La présidente de la Commission Nationale Informatique et Liberté (CNIL), Marie-Laure Denis, affichait "le respect des nouveaux droits des mineurs, notamment (…) la vidéosurveillance dans les écoles" comme une de ses priorités. Si la protection des données personnelles est déjà affirmée comme étant un droit fondamental par l'article 8 de la Charte des droits fondamentaux de l'Union Européenne, cette protection doit se conjuguer à l'intérêt supérieur de l'enfant.

Tenant compte de ces droits fondamentaux, le considérant 38 Règlement Général à la Protection des Données (RGPD) affirme que "les enfants méritent une protection spécifique en ce qui concerne leurs données à caractère personnel."

- Photo de Aaron Burden sur Unsplash


C'est cette protection spécifique que la CNIL entend appliquer par la mise en demeure d'au moins trois établissements dont les caméras filmaient en permanence: salle de cours, cantine, salle de sport, cours de récréation. Si la CNIL a jugé bon de rendre publiques ces missives, elle a néanmoins préféré garder pour elle tous les détails concernant les établissements fautifs.

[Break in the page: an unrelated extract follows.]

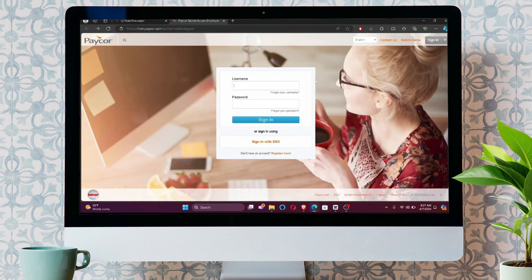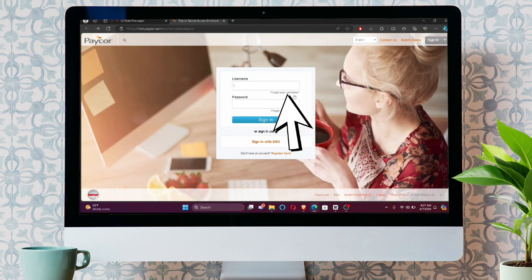If you forget your username, you can click here, and if you forget your password, then you can click here and reset it. But if not, then just click sign in.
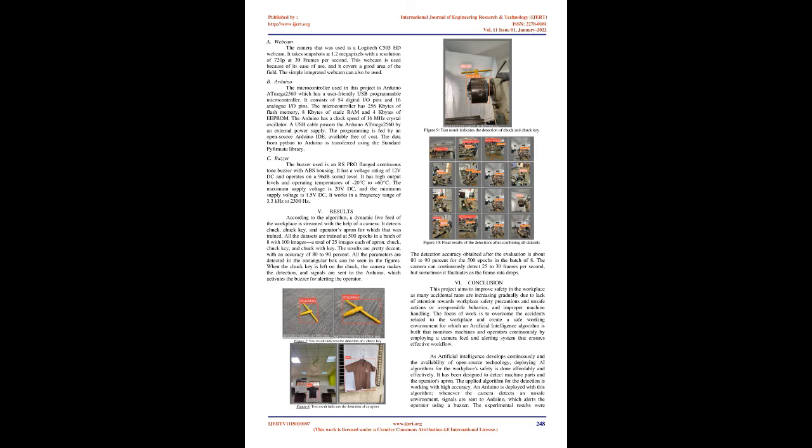According to the working of YOLOv5, the collected data, dataset, is loaded in CSP DarkNet for extracting data, and then it is loaded in the PANet to combine the features. Finally, it is passed through convolution layers to show the detection results. The detection using YOLOv5 has high accuracy due to its open-source contribution. It is better than its previous versions.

De tels incidents s'étaient déjà produits en 2011 et avaient conduit à des mises en demeure de la CNIL. On peut encore se rappeler qu'en octobre dernier la CNIL avait jugé disproportionnée l'utilisation de la reconnaissance faciale, concernant des élèves, pour la plupart mineurs, dans le seul but de fluidifier et de sécuriser les accès à deux lycées.


Plus qu'une question de protection des données personnelles des mineurs, c'est une question éthique qui se pose. Doit-on habituer nos enfants à une surveillance de masse ?


- Hadrien Rose



Sources :

- The Washington Post, 29 octobre 2019, "School apps track students from classroom to bathroom, and parents are struggling to keep up"

- Futurism, 2 novembre 2019, "Schools are using an app to track student while they pee"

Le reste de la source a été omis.